07 Januari 2014

opini musri nauli : Perbedaan dan Pluralisme



Tiba-tiba putraku ketiga menyampaikan kabar penting. “Ronaldo cedera”. Aku panik. Bagaimana kalo Real Madrid tanpa Ronaldo ?

Aku cari sumber di media maya. Tidak ah, Ronaldo baik-baik saja. Ku telp lagi. Diapun tertawa terbahak-bahak. Ternyata, Ronalda cuma cedera di Playstation (PS).
Ya. Di rumah, diskusi bola kaki “mendominasi” pembicaraan. Entah karena bola kaki lagi digandrungi orang Indonesia. Pilihan bermain bola kaki di PS lebih sering dimainkan daripada game yang lain seperti GTA ataupun permainan lainnya.

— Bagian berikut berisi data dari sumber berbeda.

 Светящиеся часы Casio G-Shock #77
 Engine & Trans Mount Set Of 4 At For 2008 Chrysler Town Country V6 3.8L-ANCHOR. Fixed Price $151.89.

Di rumah kami yang lebih banyak lelaki, permainan PS lebih sering “ribut” daripada akurnya. Entah berapa buah stick yang pecah dibanting, memori yang sering diumpetin, PS yang berapa kali perbaiki.

Sebagai permainan bola kaki, masing-masing mempunyai tim kesebelasan yang berbeda-beda. Saya penggemar Manchester United dari Inggeris, putra pertamaku penggemar Arsenal, putra keduaku malah Juventus.

Dengan perbedaan kesebelasan bola kaki, kami sering memainkan pertandingan di PS. Nah. Itu dia. Karena setiap kesebelasan mempunyai ciri khas masing-masing, maka gaya permainan sepakbola juga mewarnai pertandingan PS.

Biasanya, yang pegang remote control, apabila berhasil memasukkan bola ke gawang lawan, setelah memasukkan bola, malah replay (tayangan ulang) diputar beberapa kali. Dari berbagai angle yang mempertontonkan bola yang masuk ke gawang.

Tapi kalo yang memegang remote control malah kemasukkan bola, replay malah dipercepat. Biasanya keributan itulah yang sering terjadi.

Dalam acara di televisi ketika program Sport ditayangkan, masing-masing kami menganalisis tim kesebelasan masing-masing. Dengan penguasaan informasi masing-masing klub kesayangan, diskusi mengalur ngidul. Tanpa moderator dan biasanya tidak ada yang mau mengalah.

Saya membayangkan, apakah yang dirasakan oleh Presiden melihat rakyat yang mempunyai selera yang berbeda. Baik dalam aspirasi politik, pandangan maupun keyakinan agama.

Ah. Entahlah. Namun yang pasti. Setiap perbedaan adalah kodrati. Setiap perbedaan memang ada. Namun menurutku, justru toleran yang menghargai perbedaan pandangan itulah. Sikap menghormati dan menghargai perbedaan terhadap pilihan masing-masing.

Yang pasti, kita tetap memberikan ruang untuk perbedaan dan selera pilihan masing-masing. Tugas negara hanya “memastikan” orang dengan kebebasan untuk memilih dan menentukan seleranya masing-masing. Negara harus “melindungi” agar orang bebas untuk memilih. Dan yang pasti, negara tidak boleh “menentukan” mana pilihan yang baik. Dan negara kemudian “melarang” untuk memilih yang lain. Itu cuma fungsi negara.

Selanjutnya. Biarlah rakyat sendiri yang menilainya.

Menurutku itulah yang disebut pluralisme.